– Же-же-же, блядь, – процедил Черненко. – Вы филолог, что ли? Лингвист?
– Нет. Все. Я не дам вам…
– Игорь!
Синявский подскочил, неловко, но болезненно выкрутил руку и прижал Выдрина головой к полу. Дышать стало тяжело. Налитыми кровью глазами Выдрин смотрел снизу, как Шмурнов схватил Диего за шкирку и засунул в сумку-переноску. Кот заорал и оскалил клыки.
– Перестаньте, – простонал Выдрин. – Он же боится…
– Это хорошо, – ответил откуда-то сбоку Черненко. – Но неправильно. Закон надо уважать, а не бояться.
Выдрин в последний момент сдержался и не назвал их козлами. Синявский отпустил руку. Она, потеряв чувствительность, болталась как плеть.
– Будем считать, что это недоразумение, – сказал Черненко. – Мы ведь тоже умеем быть гуманистами, Александр Иванович.
Потом они ушли.
Выдрин сидел на полу, баюкая руку и глядя в угол комнаты. Там стоял пустой кошачий лоток.
«А нагадил под кровать, подлец», – промелькнула мысль.
От этой мысли стало больно. Будто проглотил кусок стекла и тот медленно опустился в желудок, обдирая горло и пищевод. Выдрин перевел взгляд на окно. Подоконник был пуст. Диего любил сидеть там вечерами, когда солнце шло к закату и освещало комнату. Грелся. А еще на этом подоконнике Выдрин как-то раз занимался сексом с женой. И она чуть не выдавила спиной стекло. Оно треснуло. Пришлось вставлять новое. Это делал пожилой тощий дядька, от которого воняло уксусом. Или кошачьей мочой.
Из прострации Выдрина вывел звонок смартфона.
– Александр Иванович! Климов повесился! – раздался юношеский голос.
– Какой Климов?

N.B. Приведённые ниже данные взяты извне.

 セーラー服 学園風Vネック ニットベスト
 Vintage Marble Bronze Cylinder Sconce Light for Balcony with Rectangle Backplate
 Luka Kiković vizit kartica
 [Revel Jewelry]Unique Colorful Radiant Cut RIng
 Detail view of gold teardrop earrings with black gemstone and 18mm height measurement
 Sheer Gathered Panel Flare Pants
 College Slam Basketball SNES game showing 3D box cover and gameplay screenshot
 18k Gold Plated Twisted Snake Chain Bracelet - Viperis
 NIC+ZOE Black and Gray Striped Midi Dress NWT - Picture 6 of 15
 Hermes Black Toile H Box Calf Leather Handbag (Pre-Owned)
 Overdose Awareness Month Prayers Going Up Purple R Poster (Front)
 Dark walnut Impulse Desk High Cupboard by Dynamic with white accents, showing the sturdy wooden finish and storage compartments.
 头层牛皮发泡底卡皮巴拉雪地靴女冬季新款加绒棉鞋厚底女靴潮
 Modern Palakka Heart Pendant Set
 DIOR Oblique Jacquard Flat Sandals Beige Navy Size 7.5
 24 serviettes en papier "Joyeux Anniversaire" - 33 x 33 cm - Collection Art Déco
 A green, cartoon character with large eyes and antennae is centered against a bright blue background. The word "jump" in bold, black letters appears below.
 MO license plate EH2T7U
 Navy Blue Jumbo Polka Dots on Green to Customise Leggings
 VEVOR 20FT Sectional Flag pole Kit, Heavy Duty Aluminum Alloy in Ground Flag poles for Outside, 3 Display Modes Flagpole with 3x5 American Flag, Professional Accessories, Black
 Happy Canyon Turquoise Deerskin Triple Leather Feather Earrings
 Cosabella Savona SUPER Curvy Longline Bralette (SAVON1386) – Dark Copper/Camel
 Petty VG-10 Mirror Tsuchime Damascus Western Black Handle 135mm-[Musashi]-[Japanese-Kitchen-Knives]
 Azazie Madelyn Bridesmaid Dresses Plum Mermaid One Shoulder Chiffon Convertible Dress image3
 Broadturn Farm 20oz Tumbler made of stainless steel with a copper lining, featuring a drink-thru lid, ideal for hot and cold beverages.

Кто это говорит?
– Миша Капустин, ваш ученик. Вы что, не узнали?
– А Климов – кто?
– Так это же тоже ваш ученик! Юра Климов! Мы вместе учимся у вас! Вы забыли?
Выдрин вспомнил. Действительно, оба – его ученики. И что делать?
– Так, – сказал он. – И что делать?
– Кому? – спросил Миша Капустин.
– Мне.
– Не знаю. Я просто позвонил сообщить…
– Спасибо, – сказал Выдрин.
– Пожалуйста.
Некоторое время они молчали.
– До свидания, – произнес наконец Миша. – До понедельника.
– До свидания, – ответил Выдрин. – До понедельника.
Когда боль в руке утихла, он встал и вышел на кухню. Лапша распухла, размякла и выглядела так, будто ее уже переварили. Из колонки пел Дэвид Боуи. Выдрин вывалил лапшу в унитаз, а контейнер выбросил в мусорное ведро. Потом достал смартфон и позвонил Лене, своей любовнице.